Both the cvrs and the redacted pool totals reference a BallotType, which can be used as the Card Style Data.
We are not given the count of ballots or undervotes in the redacted pools.
The StatementOfVotes gives us enough information to calculate Nc.
We estimate the undervotes and pool counts as explained below, and adjust the contest Nc to be consistest with the card manifest.

createBoulderElection(isClca = false) OneAudit, hasStyle create a OneAudit by assuming that each pool has a single CardStyle, which allows us to use style based sampling. This constrains the way that undervotes are added to the pools. We need to know the number of cards in each batch. We dont, so we approximate it, and adjust Nc.

createBoulderElection(isClca = true) CLCA, hasStyle: creates a CLCA by simulating cvrs in each pool and adding to the regular cvrs. This allows us to characterize the pool variances.

Its not possible to run an IRV audit with redacted CVRs. There are lines called “RCV Redacted & Randomly Sorted”, but they dont make much sense so far. To do IRV with OneAudit you need to create VoteConsolidator for each pool from the real cvrs.

Calculating the redacted undervotes and pool counts

We have two source of information: sovo is Boulder’s StatementOfVotes, and DominionCvrExportCsv contain the CVRs and the redacted pool counts.
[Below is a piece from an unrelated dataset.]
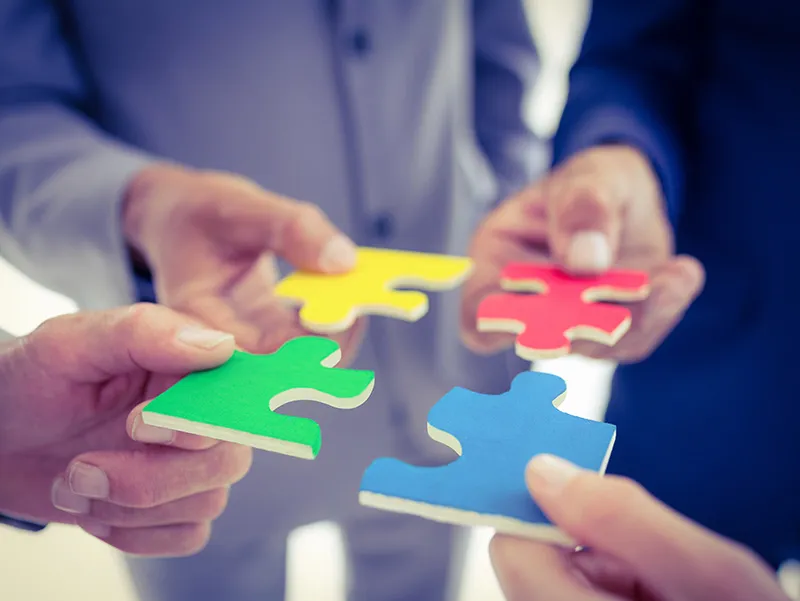 Four people putting a jigsaw together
For most contests, phantoms = 0 = sovoContest.totalBallots - ((sovoContest.totalVotes + sovoContest.totalUnderVotes) / info.voteForN + sovoContest.totalOverVotes)
We can calculate missing undervotes = sovoContest.totalUnderVotes + sovoContest.totalOverVotes * info.voteForN - cvr.undervotes.
We assume missing undervotes are in the redacted pools.
We assume all ballots in each pool contain the same set of contests, called the Ballot Style. In that case, we just need to estimate the number of cards for each pool, that gives the correct number of undervotes.
We create the Ballot Manifest with the published CVRS, and entries for each card in the pools, which contain CSD and pool ids, but no vote information.

Some of these assumptions may not be right, but they are sufficient for our purposes. In a real audit, we would to work with the EA to track each down. We would advocate that the number of cards in each pool be published.

Corrections to StatementOfVotes

On contest 20, sovo.totalVotes and sovo.totalBallots is wrong vs the cvrs. (only one where voteForN=3, but may not be related)

'Town of Superior - Trustee' (20) candidates=[0, 1, 2, 3, 4, 5, 6] choiceFunction=PLURALITY nwinners=3 voteForN=3
contestTitle, precinctCount, activeVoters, totalBallots, totalVotes, totalUnderVotes, totalOverVotes
sovoContest=Town of Superior - Trustee, 7, 9628, 8254, 16417, 8246, 33
cvrTabulation={0=3121, 1=3332, 2=3421, 3=2097, 4=805, 5=657, 6=3137} nvotes=16570 ncards=7865 undervotes=7025 overvotes=0 novote=1484 underPct= 29%
redTabulation={0=130, 1=87, 2=111, 3=50, 4=25, 5=36, 6=101} nvotes=540 ncards=180 undervotes=0 overvotes=0 novote=0 underPct= 0%
  sovoCards= 8254 = (sovoContest.totalVotes + sovoContest.totalUnderVotes) / info.voteForN + sovoContest.totalOverVotes
  phantoms= 0  = sovoContest.totalBallots - sovoCards
  sovoUndervotes= 8345 = sovoContest.totalUnderVotes + sovoContest.totalOverVotes * info.voteForN
  cvrUndervotes= 7025
  redUndervotes= 1320  = sovoUndervotes - cvr.undervotes
  redVotes= 540 = redacted.votes.map { it.value }.sum()
  redNcards= 620 = (redVotes + redUndervotes) / info.voteForN
  totalCards= 8485 = redNcards + cvr.ncards
  diff= -231 = sovoContest.totalBallots - totalCards

Assume sovo.totalBallots is wrong, so Nc = max(totalCards, sovoContest.totalBallots)

Corrections to Redacted Ballots

We assume all ballots in each pool contain the same set of contests, called the Ballot Style. Seems true except for RedactedGroup ‘06, 33, & 36-A’. We can compare the BallotStyle for CV RS vs the redacted group:

RedactedGroup=[0, 1, 2, 3, 5, 10, 11, 12, 13, 14, 15, 21, 22, 23, 24, 25, 26, 27, 28, 29, 30, 31, 32, 33, 34, 35, 36, 37, 38, 39, 40, 41, 42]
         CVRS=[0, 1, 2, 3, 5, 10, 11, 13, 14, 15, 21, 22, 23, 24, 25, 26, 27, 28, 29, 30, 31, 32, 33, 34, 35, 36, 37, 38, 39, 40, 41, 42]

Note that contest 12 is in RedactedGroup but not CVRs. Its value in the RedactedGroup is zero, so we assume that it is a mistake to be there. This matters for the undervote count of that contest.